**Problem to work on**
As the answer, give every line of the records that includes the word "with".

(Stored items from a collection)

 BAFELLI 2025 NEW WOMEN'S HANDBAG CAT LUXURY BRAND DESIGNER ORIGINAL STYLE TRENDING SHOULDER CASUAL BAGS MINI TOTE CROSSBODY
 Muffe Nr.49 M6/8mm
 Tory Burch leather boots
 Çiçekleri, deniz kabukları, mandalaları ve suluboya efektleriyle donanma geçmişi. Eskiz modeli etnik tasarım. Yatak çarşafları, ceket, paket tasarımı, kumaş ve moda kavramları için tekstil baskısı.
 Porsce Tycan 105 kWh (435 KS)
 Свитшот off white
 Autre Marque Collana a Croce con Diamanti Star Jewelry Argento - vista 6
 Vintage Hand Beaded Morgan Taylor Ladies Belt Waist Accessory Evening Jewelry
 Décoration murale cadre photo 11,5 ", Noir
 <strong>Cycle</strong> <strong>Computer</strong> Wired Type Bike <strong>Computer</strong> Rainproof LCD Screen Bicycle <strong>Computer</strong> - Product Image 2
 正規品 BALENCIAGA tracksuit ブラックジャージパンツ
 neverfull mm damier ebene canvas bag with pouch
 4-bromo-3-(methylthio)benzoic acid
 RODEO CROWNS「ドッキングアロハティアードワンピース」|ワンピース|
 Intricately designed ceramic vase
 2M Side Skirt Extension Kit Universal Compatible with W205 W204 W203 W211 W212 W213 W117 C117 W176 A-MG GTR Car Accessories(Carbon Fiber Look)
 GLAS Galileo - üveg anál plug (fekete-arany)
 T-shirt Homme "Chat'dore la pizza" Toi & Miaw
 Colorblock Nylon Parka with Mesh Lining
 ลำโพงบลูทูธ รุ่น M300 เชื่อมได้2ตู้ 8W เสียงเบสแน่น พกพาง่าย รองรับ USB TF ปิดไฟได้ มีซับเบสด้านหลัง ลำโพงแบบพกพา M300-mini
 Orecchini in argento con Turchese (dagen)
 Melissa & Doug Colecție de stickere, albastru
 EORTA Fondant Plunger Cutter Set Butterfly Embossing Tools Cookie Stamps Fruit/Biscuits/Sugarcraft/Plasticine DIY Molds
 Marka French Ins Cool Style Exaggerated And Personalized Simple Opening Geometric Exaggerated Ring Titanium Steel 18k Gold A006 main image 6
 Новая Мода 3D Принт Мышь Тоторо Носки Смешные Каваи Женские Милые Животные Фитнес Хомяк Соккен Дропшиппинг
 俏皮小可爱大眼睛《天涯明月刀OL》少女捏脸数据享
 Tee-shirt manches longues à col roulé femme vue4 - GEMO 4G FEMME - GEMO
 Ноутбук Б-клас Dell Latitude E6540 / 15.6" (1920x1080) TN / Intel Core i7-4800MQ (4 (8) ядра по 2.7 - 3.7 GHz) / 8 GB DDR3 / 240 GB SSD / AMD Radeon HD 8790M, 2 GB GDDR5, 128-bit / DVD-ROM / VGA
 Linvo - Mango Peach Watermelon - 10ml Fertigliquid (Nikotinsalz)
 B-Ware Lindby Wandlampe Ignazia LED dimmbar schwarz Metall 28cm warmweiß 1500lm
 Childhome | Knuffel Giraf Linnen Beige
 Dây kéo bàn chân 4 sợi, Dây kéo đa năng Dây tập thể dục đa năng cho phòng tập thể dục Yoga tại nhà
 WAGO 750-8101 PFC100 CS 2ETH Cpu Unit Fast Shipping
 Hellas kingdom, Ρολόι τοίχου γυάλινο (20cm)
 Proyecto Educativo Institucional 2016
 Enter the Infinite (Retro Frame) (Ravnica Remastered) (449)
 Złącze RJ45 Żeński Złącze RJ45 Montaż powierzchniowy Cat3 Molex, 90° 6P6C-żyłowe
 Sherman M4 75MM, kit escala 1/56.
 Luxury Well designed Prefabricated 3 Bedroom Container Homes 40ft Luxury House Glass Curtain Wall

**Exercise result**
 neverfull mm damier ebene canvas bag with pouch
 2M Side Skirt Extension Kit Universal Compatible with W205 W204 W203 W211 W212 W213 W117 C117 W176 A-MG GTR Car Accessories(Carbon Fiber Look)
 Colorblock Nylon Parka with Mesh Lining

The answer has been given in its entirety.